Can you share a sample code showing how you are creating the client?
I see the issues you are experiencing are in production but would it be possible to enable the client side metrics? https://docs.aws.amazon.com/sdk-for-java/v1/developer-guide/generating-sdk-metrics.html The Request Metrics will show number of connections, request time and other metrics that can help in toubleshooting.
Thanks for taking a look. Here's the client creation, trimmed to the relevant parts:
@Provides
@Singleton
public static AmazonDynamoDB dynamoDBClient(DynamoDBConfig config) {
AmazonDynamoDBClientBuilder builder = AmazonDynamoDBClientBuilder.standard()
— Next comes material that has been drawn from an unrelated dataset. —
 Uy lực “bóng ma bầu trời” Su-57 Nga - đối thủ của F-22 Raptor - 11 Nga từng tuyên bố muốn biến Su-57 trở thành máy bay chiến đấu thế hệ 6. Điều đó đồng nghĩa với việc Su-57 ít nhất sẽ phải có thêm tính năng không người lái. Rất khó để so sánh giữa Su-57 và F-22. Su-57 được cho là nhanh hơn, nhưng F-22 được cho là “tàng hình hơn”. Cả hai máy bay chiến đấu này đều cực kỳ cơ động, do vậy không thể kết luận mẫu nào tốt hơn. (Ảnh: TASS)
.withClientConfiguration(getClientConfiguration(config));
builder.withEndpointConfiguration(new AwsClientBuilder.EndpointConfiguration(config.getEndpointUrl(), config.getRegion()));
return builder.build();
}
private static ClientConfiguration getClientConfiguration(DynamoDBConfig config) {
ClientConfiguration clientConfiguration = new ClientConfigurationFactory().getConfig()
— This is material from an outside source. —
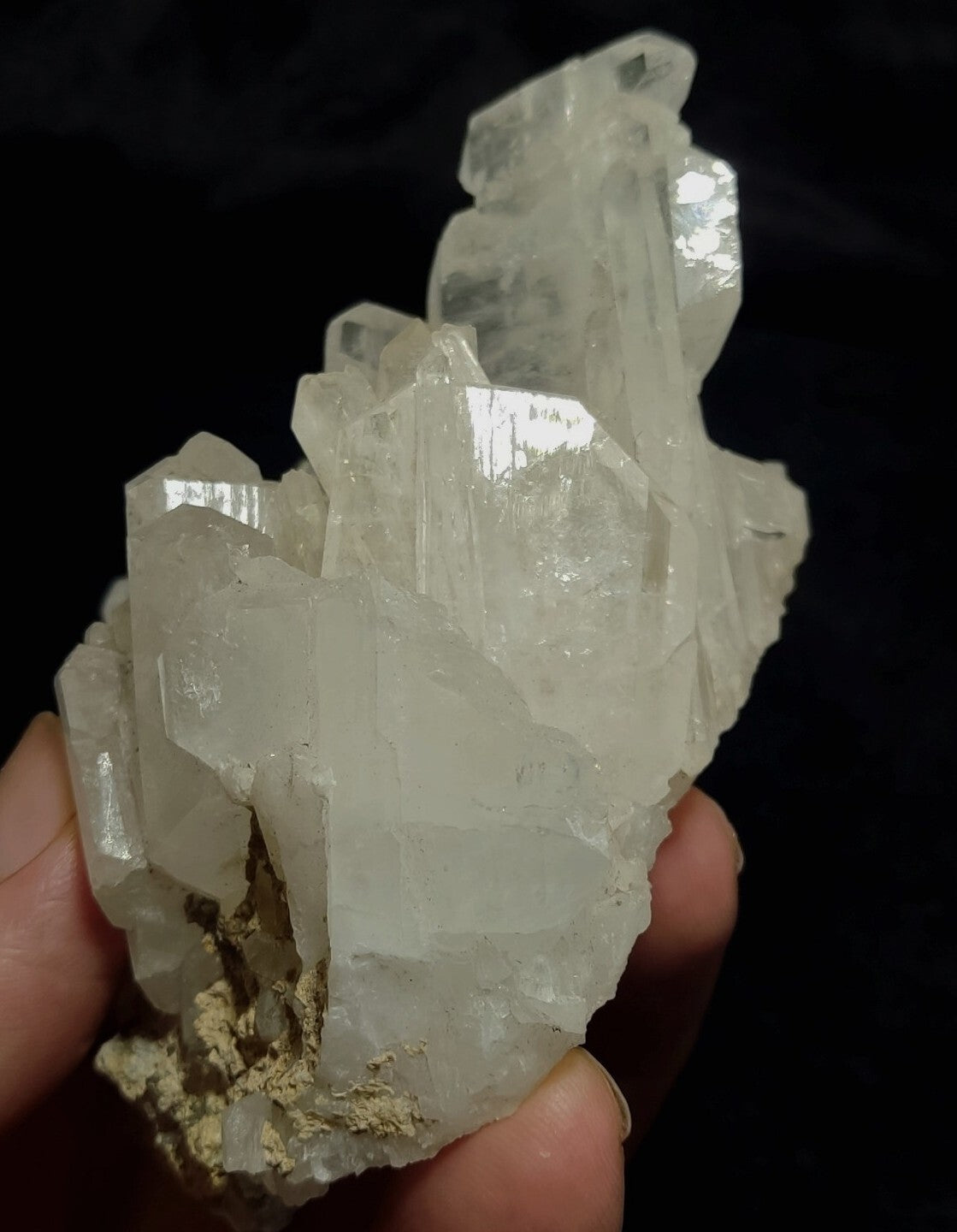 An Aesthetic Specimen Of Faden Quartz Cluster 295 grams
.withRetryPolicy(PredefinedRetryPolicies.DYNAMODB_DEFAULT);
setTimeouts(clientConfiguration, config.getTimeouts());
return clientConfiguration;
}
I can enable client metrics for this in production (it's one microservice among many—should be alright) but I'd like to know what SDK metrics I should look for in CloudWatch to make it easier to justify enabling it. It will take me some time to get that configured, deployed, and I'll report back when I have enough to share for debugging.
Thank you for the code snippets.
but I'd like to know what SDK metrics I should look for in CloudWatch to make it easier to justify enabling it.
It's hard to say at this point, as we don't have indication of what's closing the connections. I believe once you enable client side metrics you get all the available SDK metrics - for reference, a list of metrics can be found here: https://docs.aws.amazon.com/AWSJavaSDK/latest/javadoc/index.html?com/amazonaws/metrics/package-summary.html
It looks like this issue hasn’t been active in longer than a week. In the absence of more information, we will be closing this issue soon. If you find that this is still a problem, please add a comment to prevent automatic closure, or if the issue is already closed please feel free to reopen it.
On a daily basis, my service makes DynamoDB requests, and occasionally sees latency spikes where the requests are lasting anywhere from 10 to 20 seconds—ultimately resulting in socket closure.
Describe the issue
In my AWS-hosted EKS containerized (on Debian Slim) Java (JDK11) application, I am using AWS SDK v1.11.837 to interact with our DynamoDB instance. Typical behavior is fine, but at least once per day, a container will begin seeing latency spikes which my JFR (datadog) tracing indicates the culprit as
javax.net.ssl.SslException: Socket closed
. Overall, my requests appear to succeed 🤔 but these long-duration DynamoDB operations cause service degradation.I would like to better understand what the likely culprit of these socket closures are (I have not seen many of these in the Issues reported here which are attributed to SslException).
Steps to Reproduce
I cannot provide a code snippet to reproduce this, but I can provide traces and logs (below).
Current Behavior
DynamoDB requests through the SDK take a very long time and likely fail to update the item (unable to confirm). I do not have any data about connections available at the time, but I am curious if perhaps they are being exhausted.
There was a slight spike in volume of traffic (and as a result, a correlating spike in network Rx and Tx indicating we made more calls out to DynamoDB during this time).
Your Environment
adoptopenjdk/openjdk11:jre-11.0.10_9-debianslim
Any guidance is appreciated. If I should direct this to AWS support I can also do that.